RECORDS FOR THIS TASK Start Marker
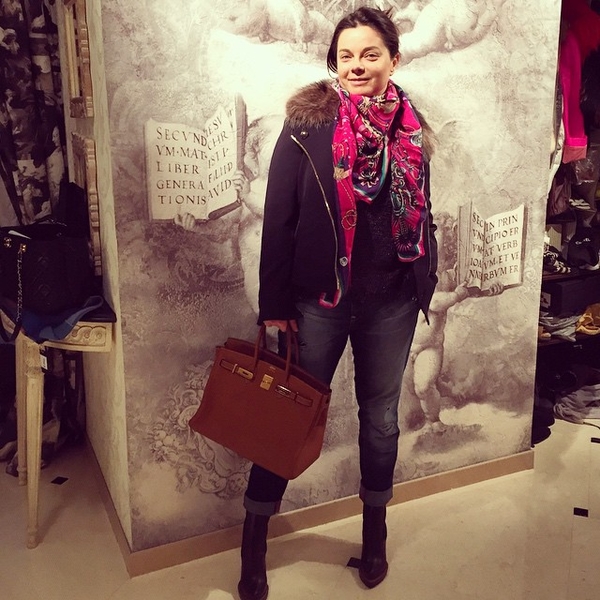 Королева показала фото без макияжа и пожаловалась на плотный график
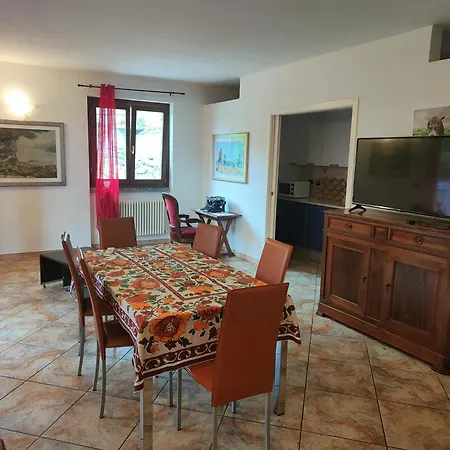 House Curti Tatil Evi Sorico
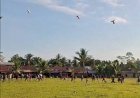 Keseruan Warga Menyambut Helibox, Bantuan Udara Hadirkan Suka Cita di Simpang Jernih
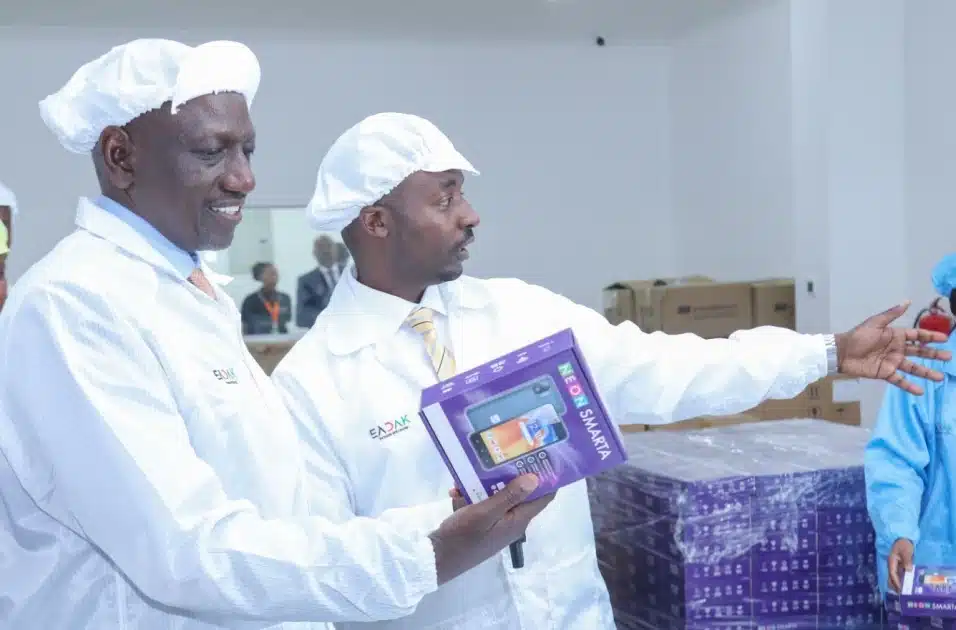 Le président du Kenya, Ruto William, et quelqu'un d'autre lors du lancement de l'usine de smartphones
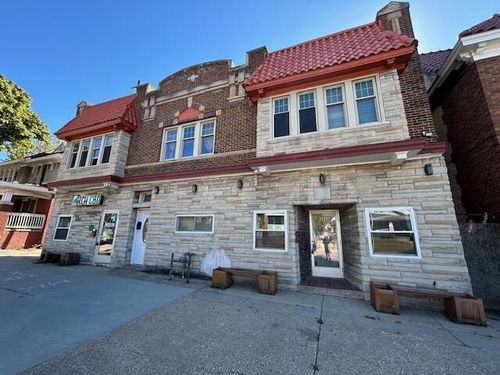 2-4-3421 W State Street, Milwaukee, WI, 53208 | Card Image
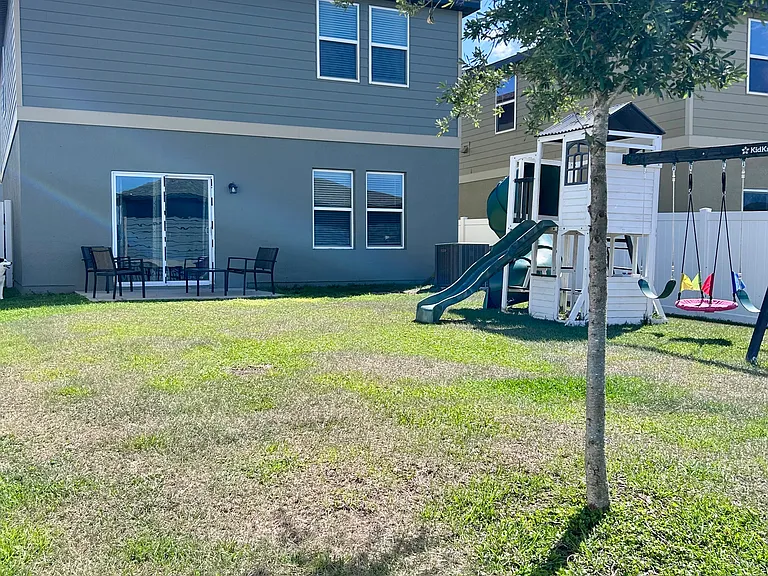 8752 Sportsman Loop — Photo 21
RECORDS FOR THIS TASK End Marker
Repeat exactly the lines from the one containing "2-4-3421 W State" through the last line of the records above, both included, and leave out the pictures.

**OUTPUT:**
 2-4-3421 W State Street, Milwaukee, WI, 53208 | Card Image
 8752 Sportsman Loop — Photo 21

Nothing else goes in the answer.